I think the reason for this is external, as at the time Tolkien wrote this identification, it seems possible that Elbereth was the Noldorin name for Varda, and there might have been another form in Ilkorin. In any case, at the time Tolkien wrote this statement there was no Sindarin, and the High Elves of Middle-earth, or Noldor, spoke Noldorin. Christopher Tolkien notes (stem BARATH-)

quote:
The application of the name Elbereth to Varda seems to have arisen in the hymm of the Elves to the Goddess in the original second chapter (Three is Company) of The lord of the Rings, written in early 1938 (...). Concomitant with this the Ilkorin names Elbereth (of different meaning) and Elboron were removed from the original entries BER and BOR. These were the names of Dior's sons in...'
We had: Quenya Elentari, Varda -- Noldorin Elbereth -- Telerin Baradis (and Ilkorin Elbereth, where bereth meant 'valor', was struck out).

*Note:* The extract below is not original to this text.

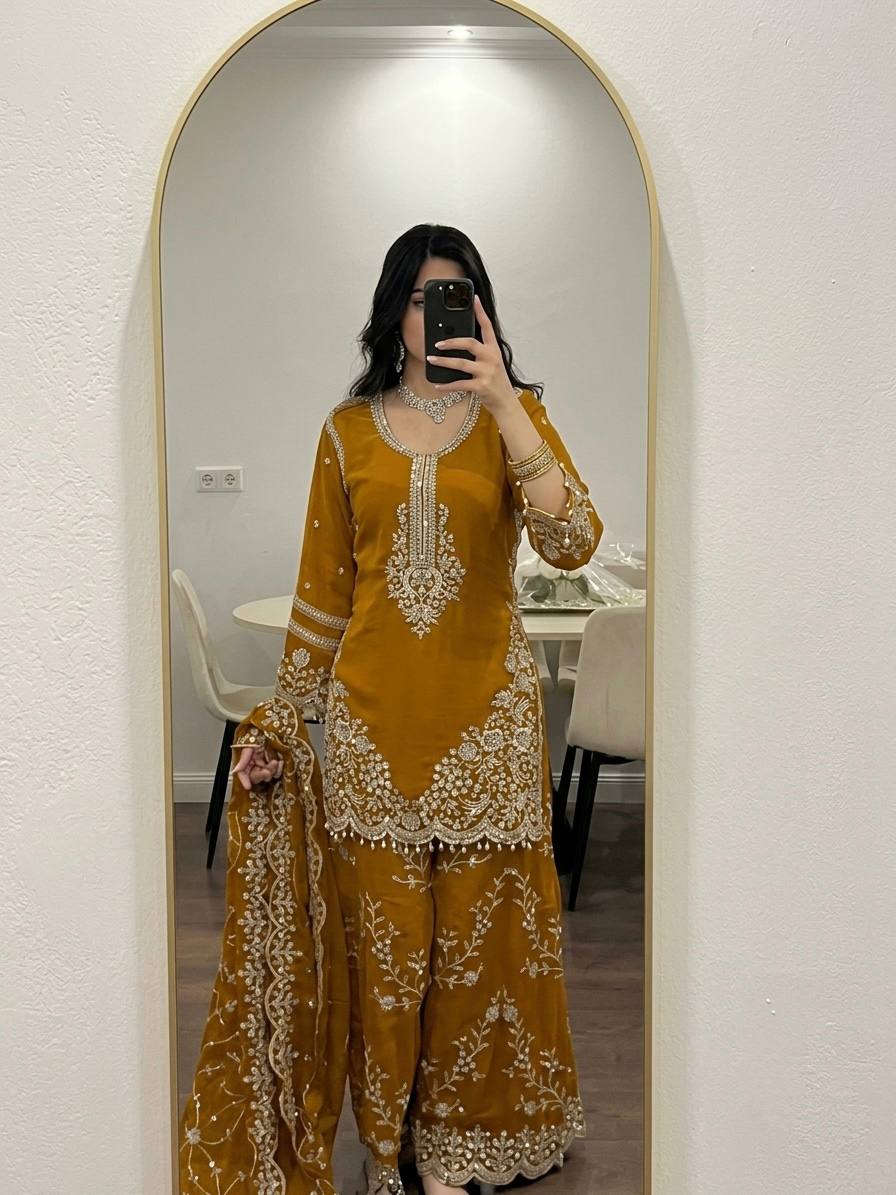 Heavy Embroidered Sharara Palazzo Suit Set – Available in 3 Colors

Of course, by the end of The Lord of the Rings Tolkien had changed the languages and their histories, so that Sindarin arises, and both the Exiles and the Sindar speak Grey-elven. To explain this question internally I looked closer at 'High Elves' because in another place in The Lord of the Rings it seems (at least) as if this term can have a wider significance and include the Sindar -- in essence, be close enough in meaning to West-elves or Eldar.

Thus Frodo could be informed by Elbereth because the Elves of Mirkwood (for example from Bilbo's tales) might not use 'Elbereth' specifically. According to The Lord of the Rings the Silvan Elves of Lórien and Mirkwood are East-elves and not considered Eldar. I was somewhat satisfied with this until I remembered Frodo's general reference here to the numbers of High Elves -- and this becomes problematic if he 'really' meant High Elves as in Eldar (before he was informed that they were Noldor in any event).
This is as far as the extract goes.